== Work to be completed ==
Copy the following data exactly and drop the pictures.

== Data excerpt ==
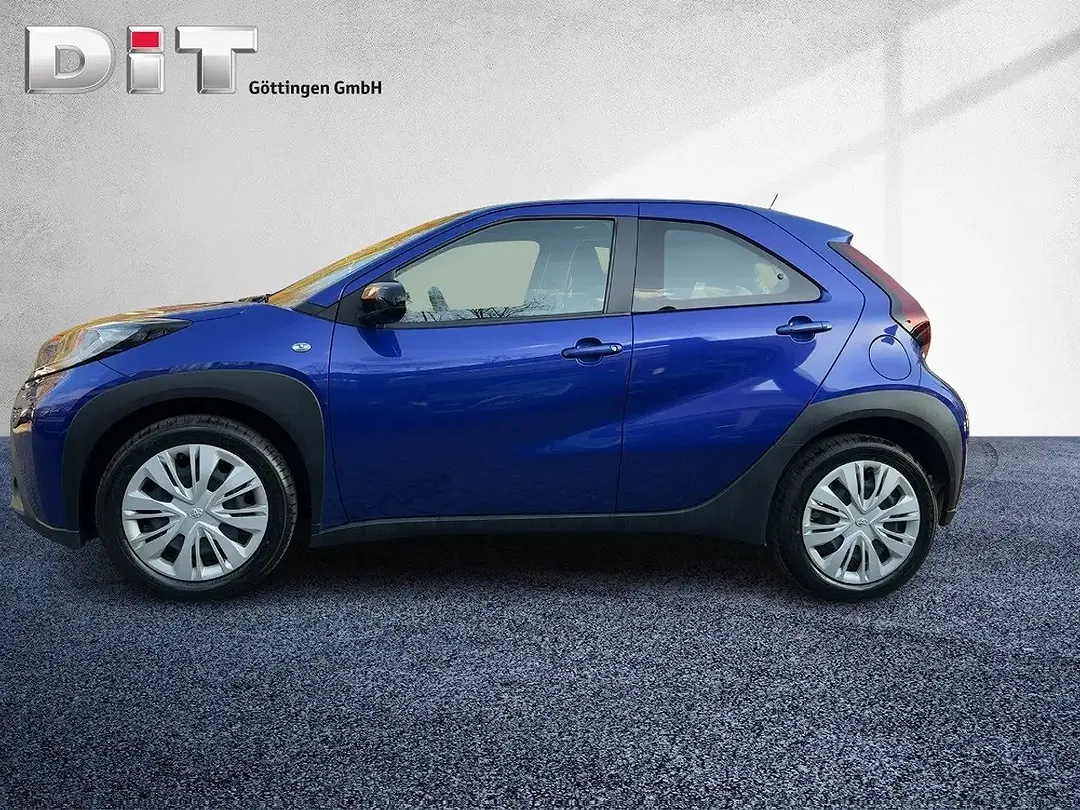 Toyota Aygo - Thumbnail 3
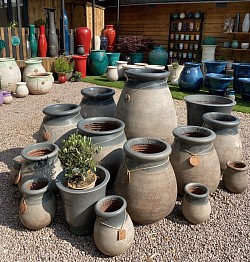 Biot Anduze divin uzes poterie POTERIES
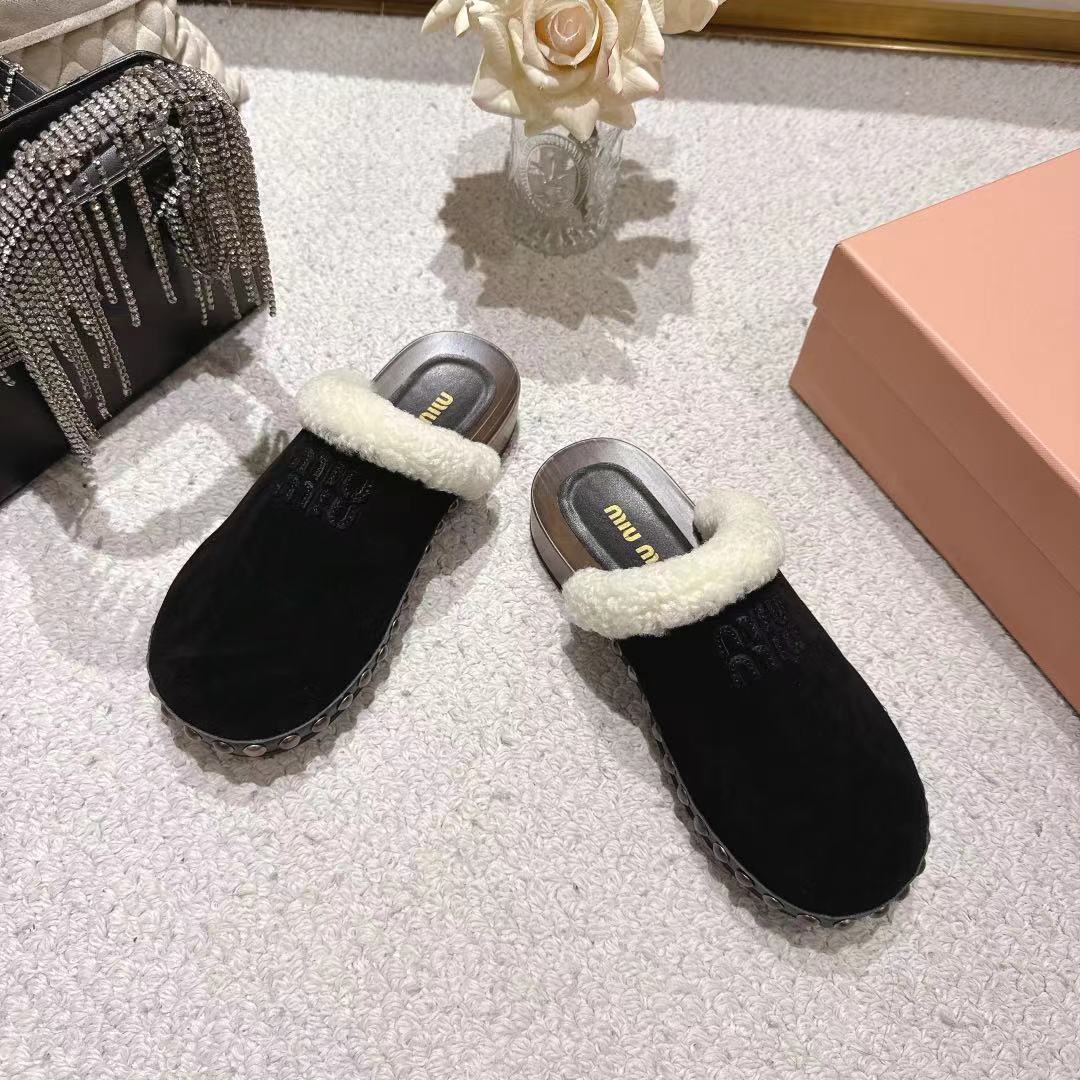 “Miu Miu Show: Unique Effacement Process, Modern Style, Love Concept, Imported Wool, Big Bottom, Sizes 35-41” - 图片 2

== Response for this exercise ==
 Toyota Aygo - Thumbnail 3
 Biot Anduze divin uzes poterie POTERIES
 “Miu Miu Show: Unique Effacement Process, Modern Style, Love Concept, Imported Wool, Big Bottom, Sizes 35-41” - 图片 2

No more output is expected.